There’s no mistaking it, Ghost Squad wears its arcade roots proudly and it feels completely at home alongside the classics of the genre. Time Crisis and Virtua Cop jump out as obvious direct comparisons and it might be just as satisfying. The sniper sections even carry a faint waft of Silent Scope, which is a nice touch. The Wii remote is a genuinely perfect fit for arcade shooters and it’s one of those rare times where it’s the right hardware for the job without the fuss of messing around or having to do any manual calibration. Ghost Squad’s ‘mission level’ ranking system is incredibly basic, but it slots in naturally. Your score builds from everything you do in a mission: kills, accuracy, bomb defusals and other in-game moments feed into it and the final tally will help to increase your level and determine what you unlock for the next run through. Ghost Squad manages to show a bit of personality with branching mission paths and its dynamic camera which has enemies pop out at you from all angles. The camera follows the squad rather than just being one direct, head-on view. There’s moments where you’ll be defusing bombs or protecting hostages at the same time as trying to clear a room, which helps break things up just enough to keep it interesting. Branching routes add some welcome replay value, even if most of them have to be unlocked first.

Ghost Squad Jungle Path
It certainly looks better at 3x upscale, but still lacking.

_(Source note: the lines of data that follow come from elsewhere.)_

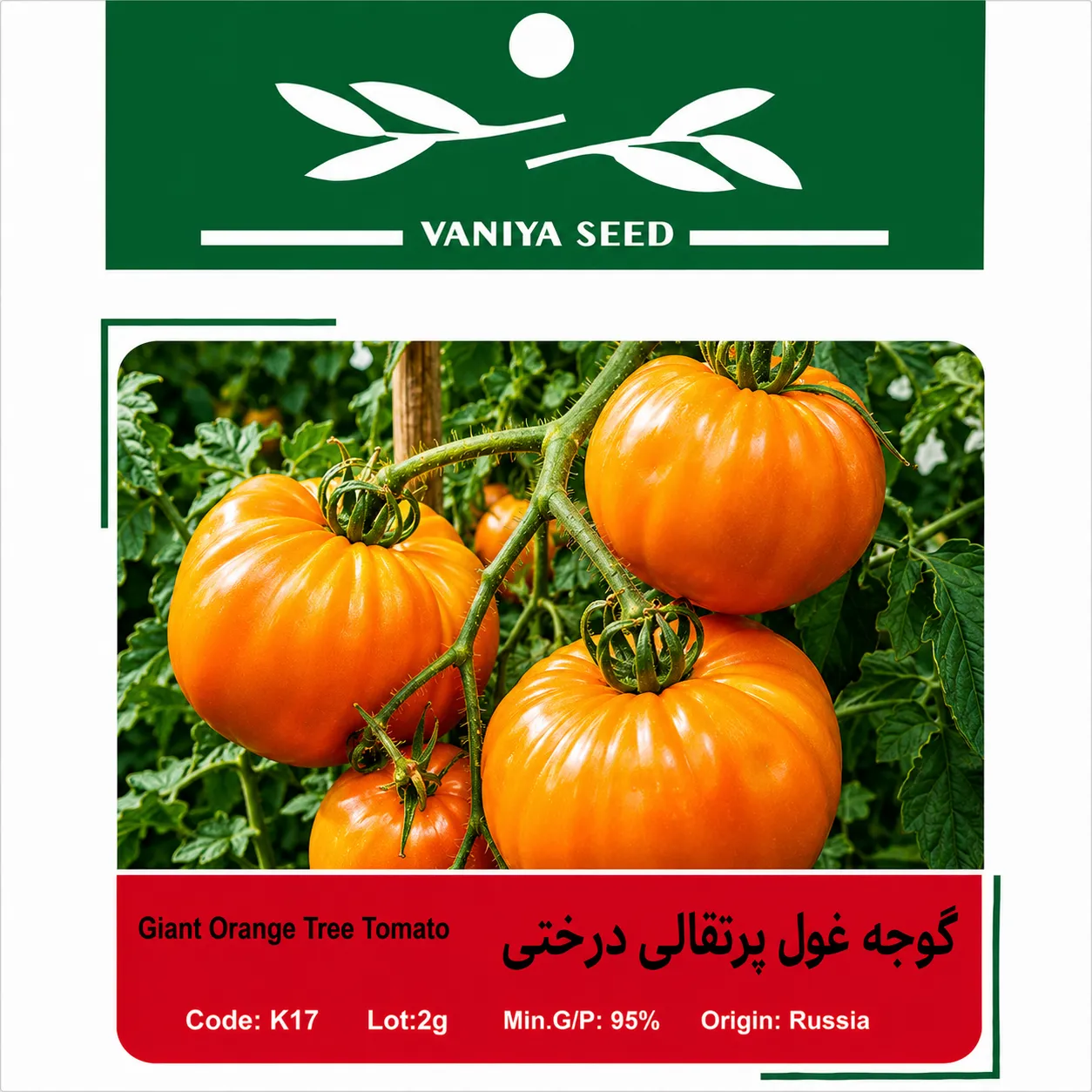 بذر گوجه غول پرتقالی درختی وانیا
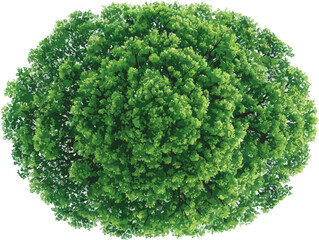 Vista a&eacute;rea de un &aacute;rbol frondoso y verde con hojas exuberantes sobre fondo blanco, concepto de naturaleza.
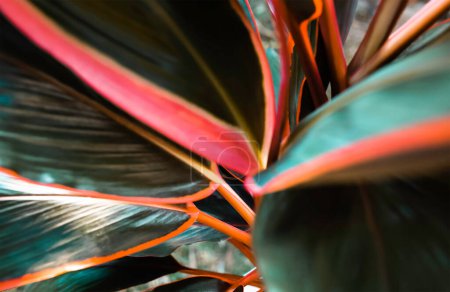 Téléchargez les photos : Focus sélectif Feuille ou plante Cordyline fruticosa feuilles calmant corail coloré vif fond de nature tropicale - en image libre de droit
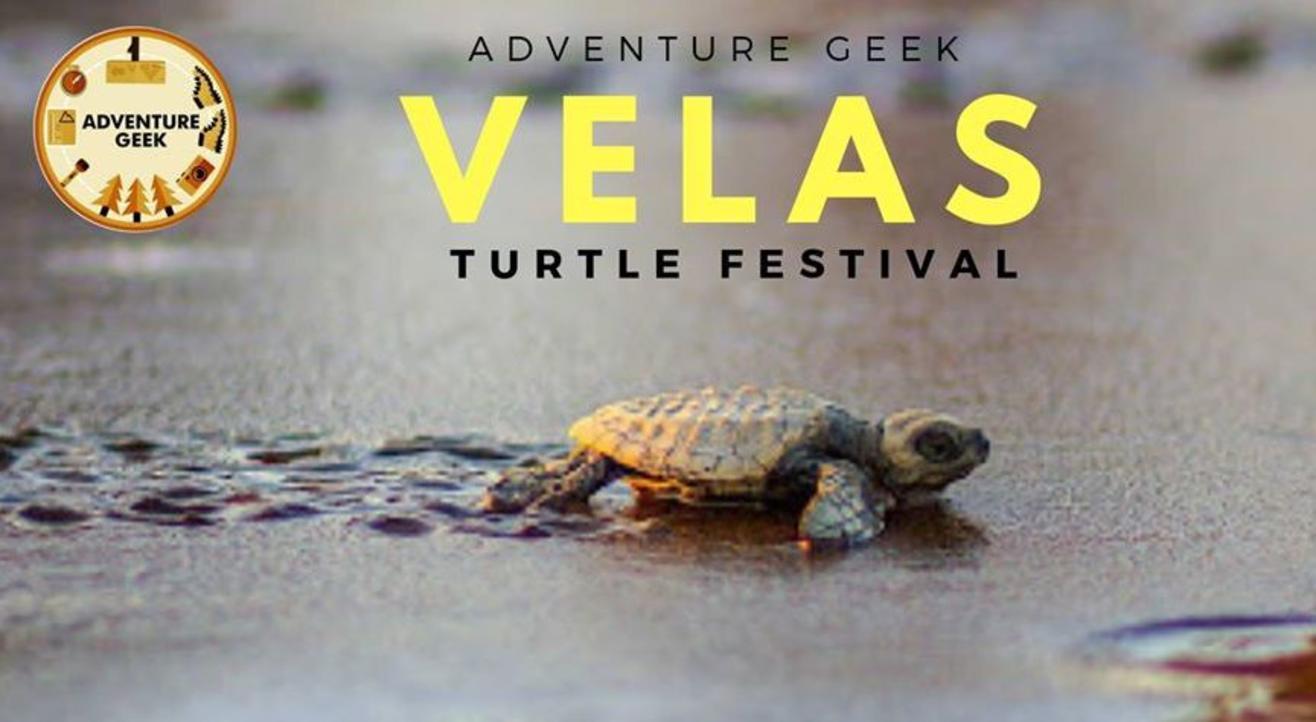 Velas Turtle Festival 2020 From Mumbai by Ac bus Adventure Geek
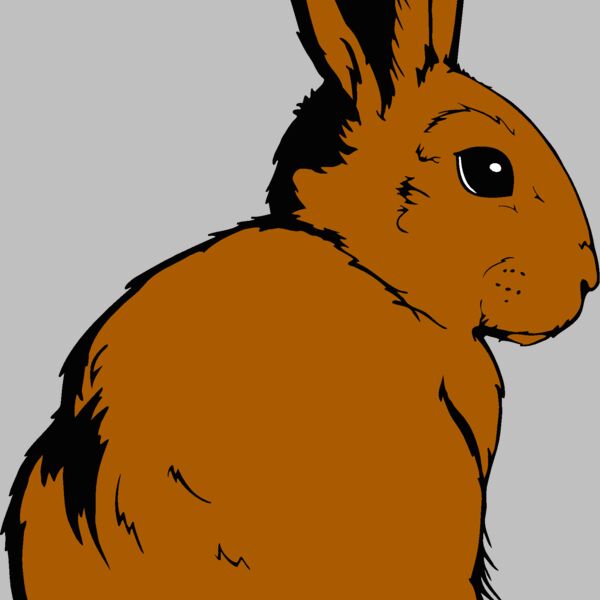 cottontail Thumbnail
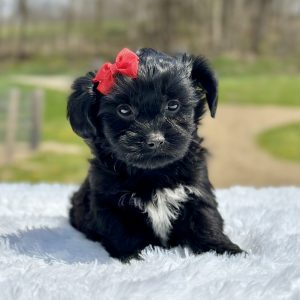 Girl Tara - Teddy Bear puppy for sale 89473
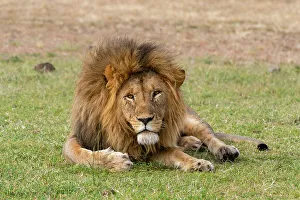 Relaxation Prints: A male lion, Panthera leo, resting on grass. Masai Mara National Reserve, Kenya, Africa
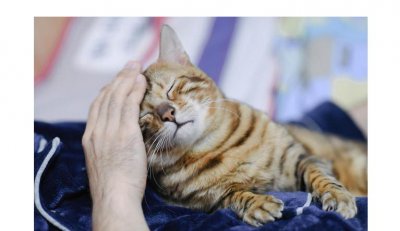 猫一直蹭来蹭去说明什么 猫咪为什么老是往人身上蹭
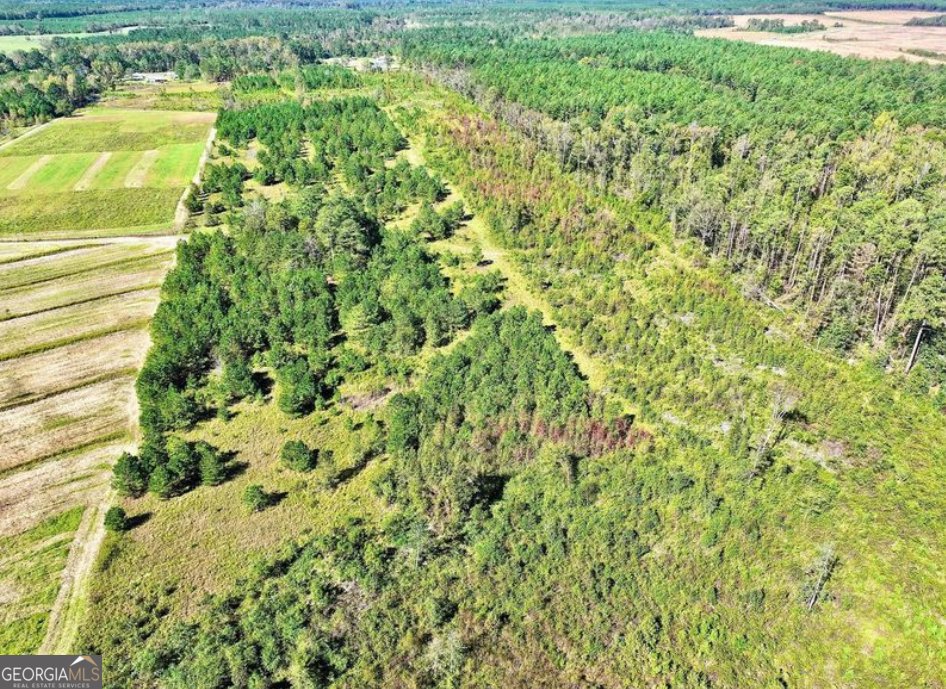 10496 Ga Highway 15 Wrightsville - 13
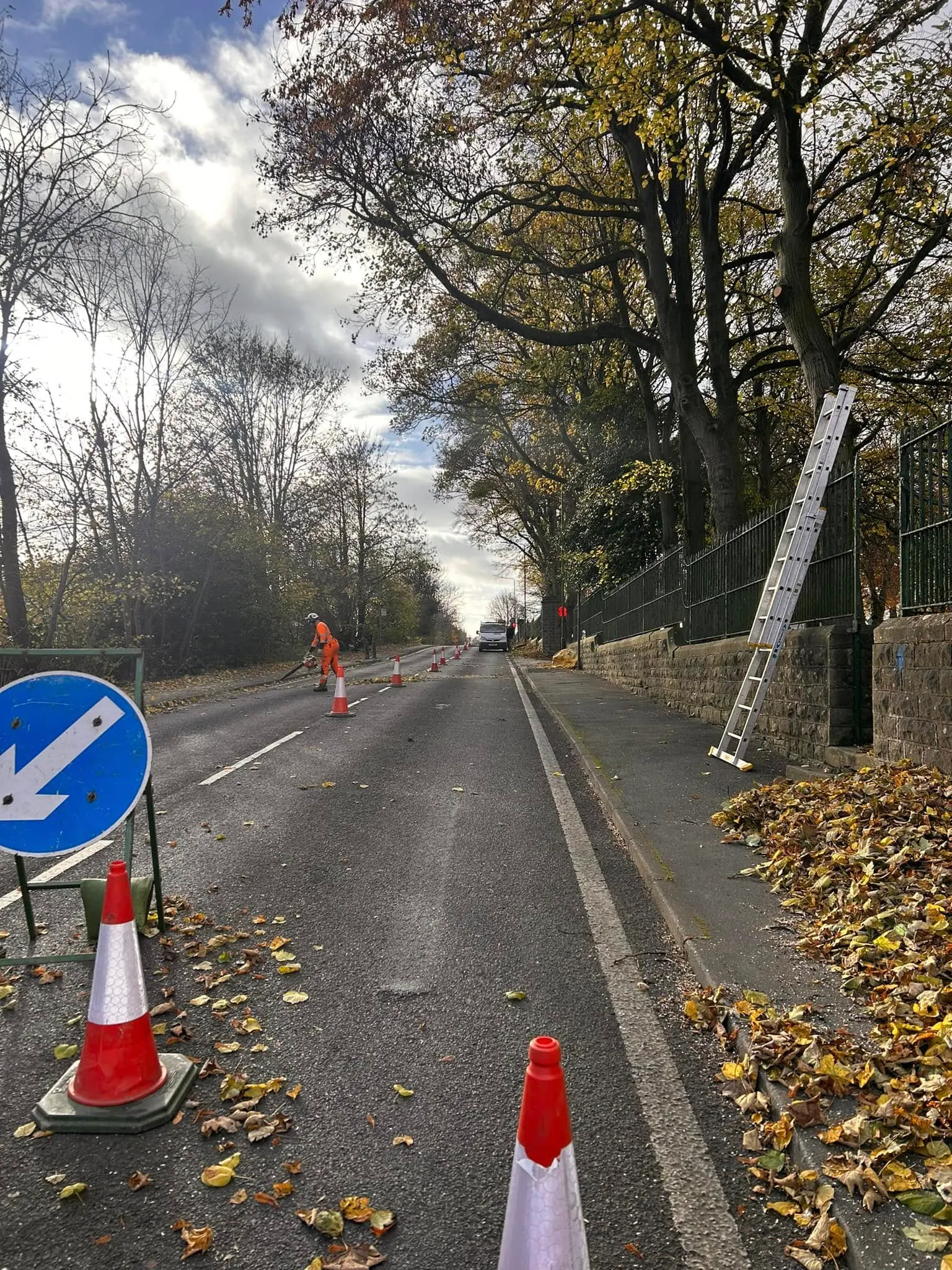 Ash Dieback Removals Across the District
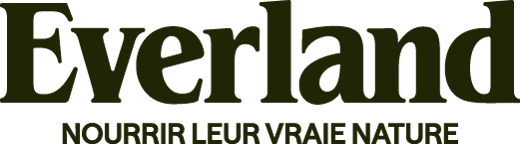 logo Everland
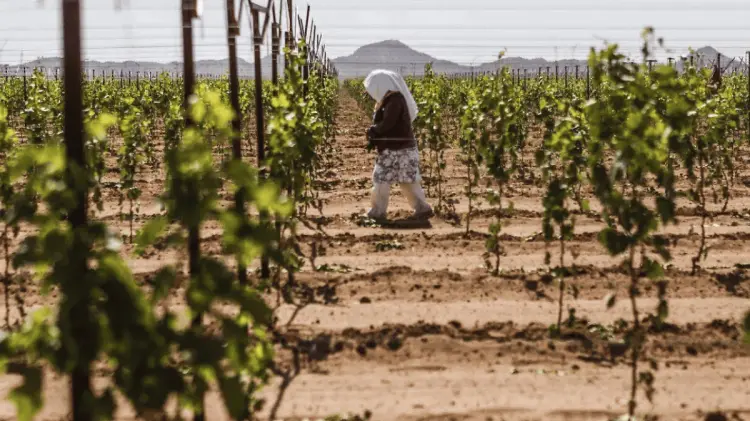 La falta de agua ha forzado la disminución de siembras. (Foto: Especial / EXPRESO)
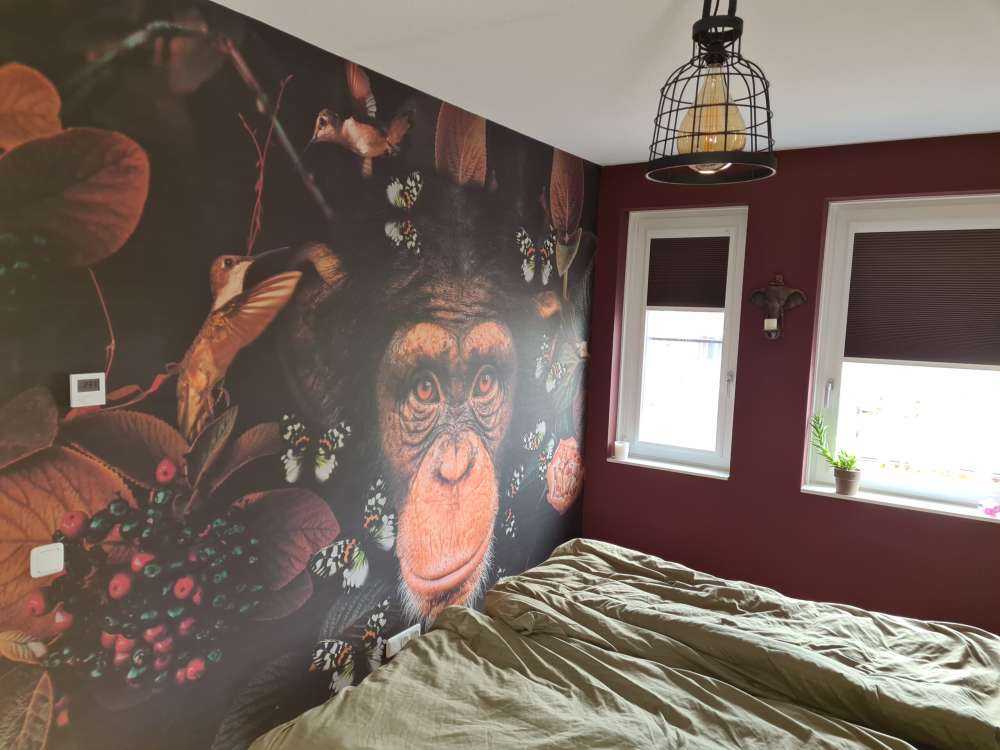 Tropical Chimpanzee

That all sounds pretty good what’s the catch? Ok, here’s the thing. Ghost Squad is short. Very short. You can rip through all three missions in about thirty to forty-five minutes. At the original retail price of about thirty dollars, that works out to roughly a dollar a minute. Good value, if you’re into that. The branching paths and unlockables do their best to pull you back in, but when the foundation is only three missions deep the replay value starts to feel thin pretty quickly. Bad voice acting can be looked at as part of the charm but this is stiffer than a board and it wears out faster than you’d hope, especially if you’re replaying each mission. The graphics are firmly stuck in the late ’90s to early ’00s era and that probably didn’t matter much in a dark arcade cabinet, but at home on a larger screen it’s pretty hard to ignore. The tension of the arcade feels lost here too. Dying doesn’t seem to carry any penalty, without the countdown timer prompting you to feed all your spare change into the cabinet, this strips away a big part of what makes arcade shooters compelling in the first place. Ghost Squad is genuinely fun, but its greatest strength is probably what holds it back. It’s an arcade shooter through and through, but that means it comes with all the limitations that implies.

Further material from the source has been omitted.